Is there any way to make colleges charge less?
That's the question a panel of policy analysts tackled at the Cato Institute here on Tuesday.
Two higher-education experts argued that greater openness from colleges about how they spend money would be sufficient to slow the climbing price of tuition. Others said a more radical solution—cutting off all federal student financial aid—would be necessary.
"Colleges are able to raise their prices because it's not the consumers paying that cost," said Neal McCluskey, associate director of the Center for Educational Freedom at the libertarian Cato Institute, in a presentation called "Student Aid Explains the Pain." Average tuition rates have gone up hundreds of dollars every year, he said, but the actual price students pay after grants and loans are subtracted has barely increased in the past decade.
The solution, he said, is to phase out federal student aid, including subsidized loans and grants, to "make colleges reliant on people who are paying with their own money." Prices would drop as a result, he said, so college would not become a privilege of only the rich.
A few other panelists argued that Mr.

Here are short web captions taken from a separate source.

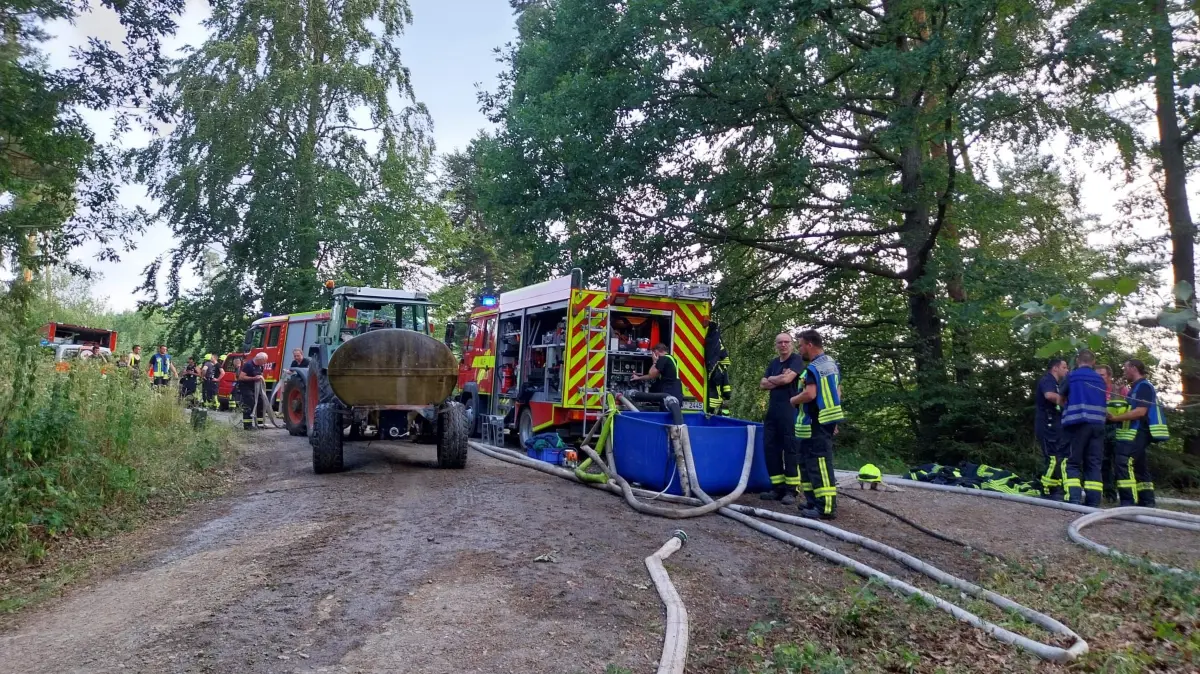 Zahlreiche Rettungskräfte waren am Donnerstagnachmittag in der Nähe des Kloster Kirchbergs im Einsatz.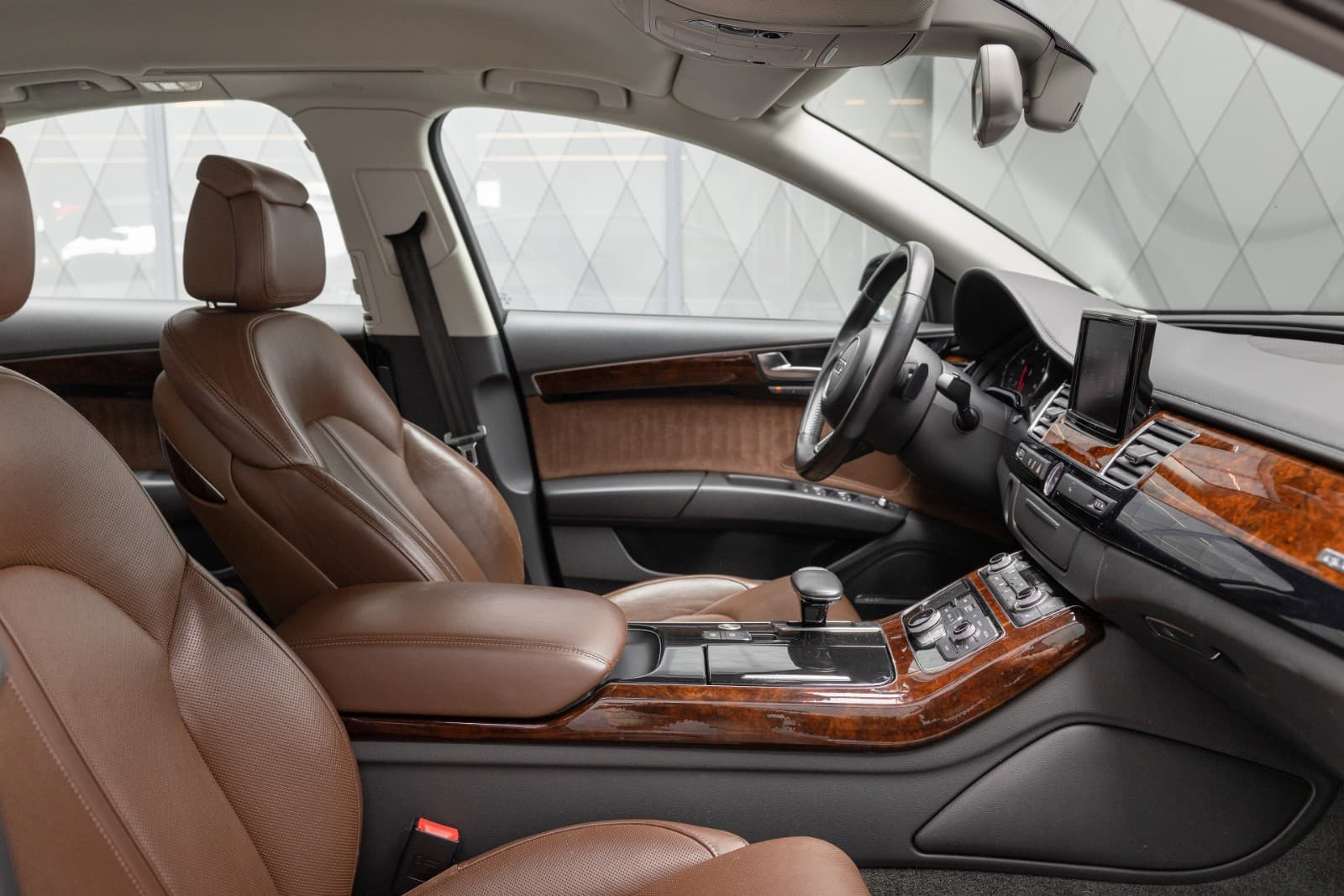 Audi A8 - bilde 24
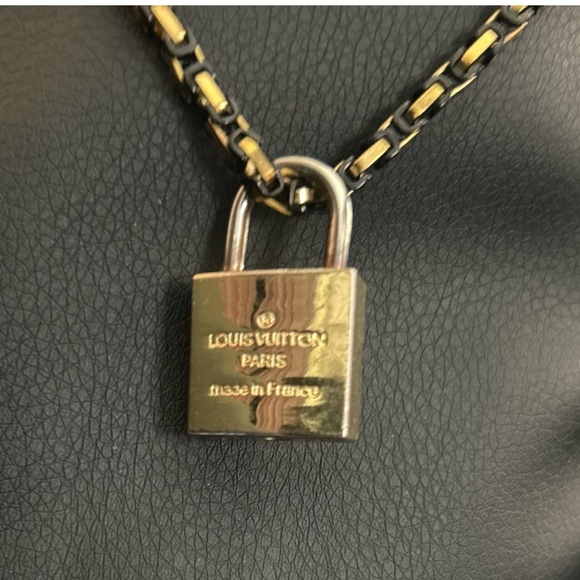 Louis Vuitton rare lock and key set bundle - Picture 7 of 15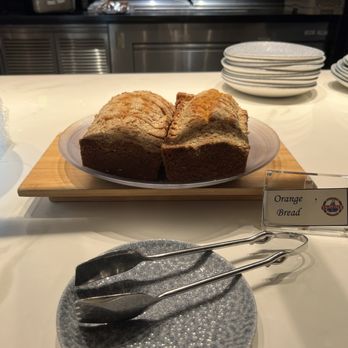Ale & Compass Restaurant - Orange bread - American Near Me - Orlando, Florida Ale & Compass Restaurant - Orange bread - American Near Me - Orlando, Florida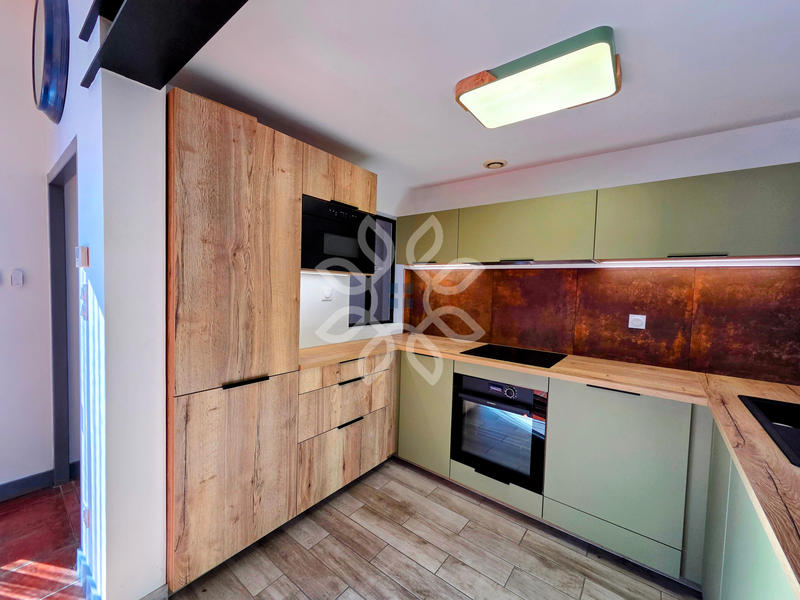 Maison - 111 m² - 4 pièces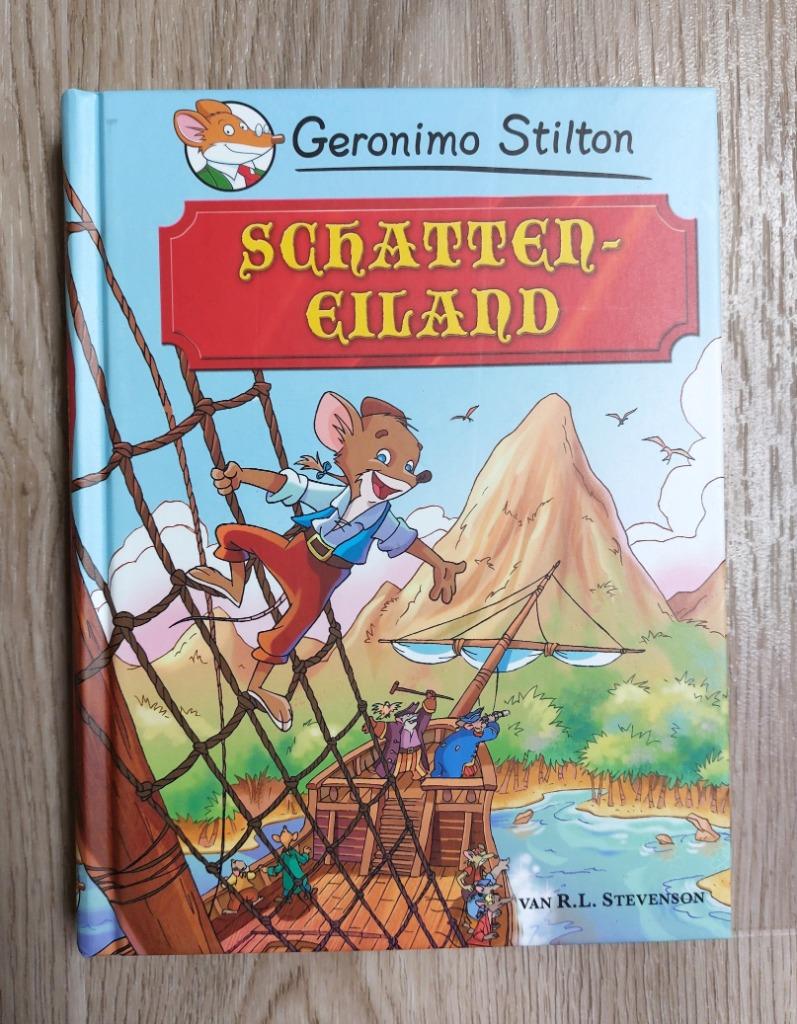 Geronimo Stilton Schatteneiland - R.L. Stevenson, Ophalen, Fictie algemeen, Geronimo Stilton, Zo goed als nieuw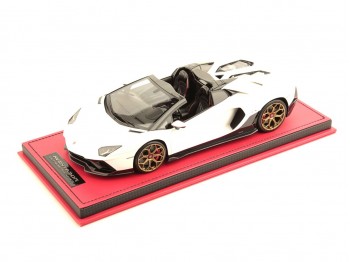 Lamborghini Aventador LP 780-4 Ultimae Roadster MR Collection 1/18 LAMBO051D Bianco Asopo con pack carbonio con vetrina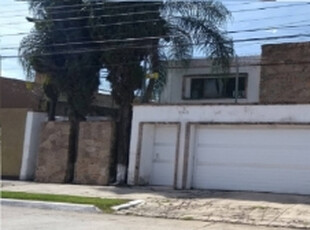 Se Vende Casa Ubicada En Jardines Vallarta En Zapopan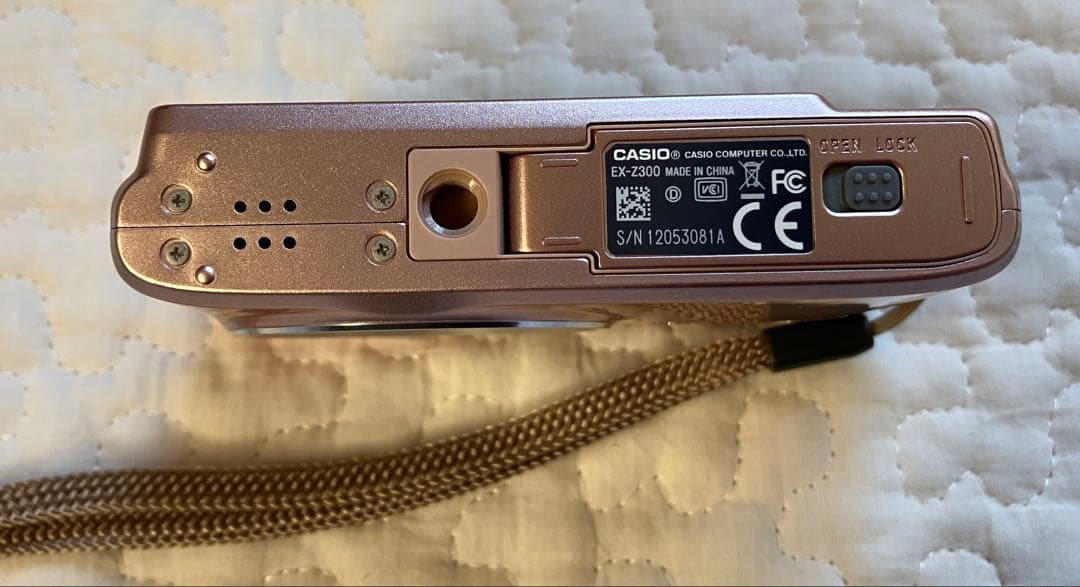 デジタルカメラ　CASIO EXILIM EX-Z300 ジャンク品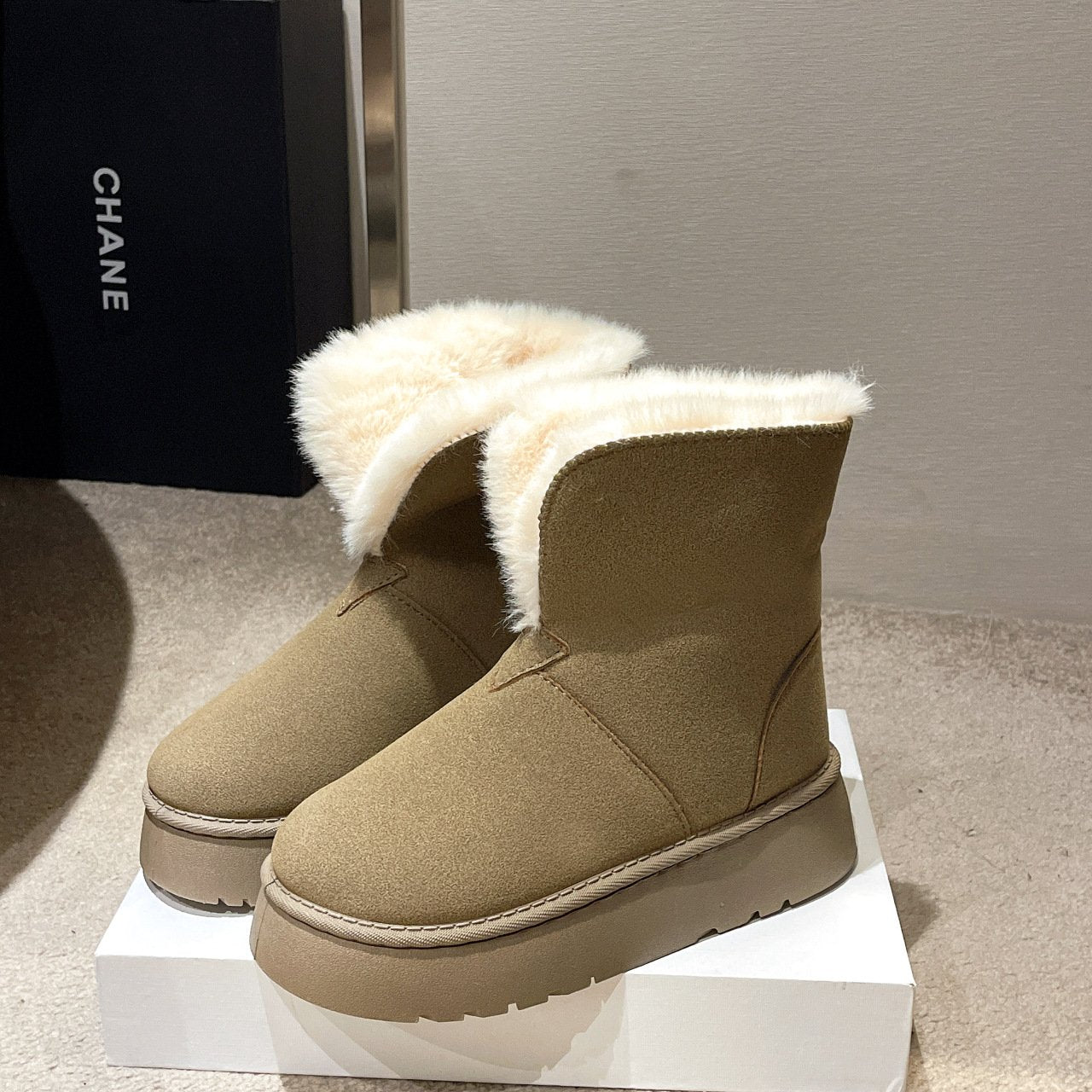 Winterliche Damenstiefeletten mit Plüschbesatz - Saivelle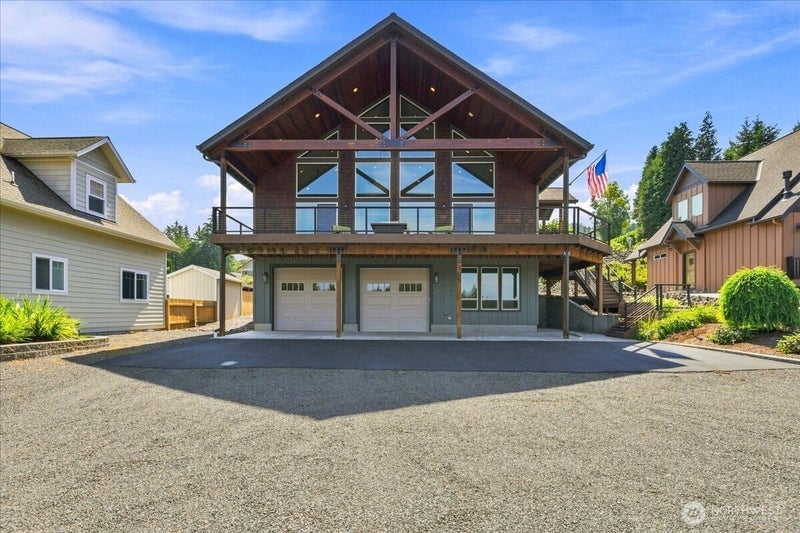 105 Lakeside Drive E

McCluskey's idea was politically impossible and unnecessary. Requiring colleges to disclose more information, such as measures of how much students are learning, would be enough to drive prices down, those panelists said.
Because there is little information available on how much students learn at any particular college, institutions' reputations have come to stand in for actual quality, said Robert E. Martin, a retired economics professor at Centre College and the author of the report "The Revenue-to-Cost Spiral in Higher Education." Money, including endowments and research spending, plays a major role in how colleges are regarded, leading institutions to charge more so they can spend more, he said.
Kevin Carey, policy director for Education Sector, an independent think tank, said discontinuing student aid would be "problematic and very unrealistic." He called for federal regulations that would require colleges to disclose more information, saying such an approach would avoid federal price controls and make the college-selection process more efficient.
"A transparent, market-based approach could be a bipartisan solution," he said.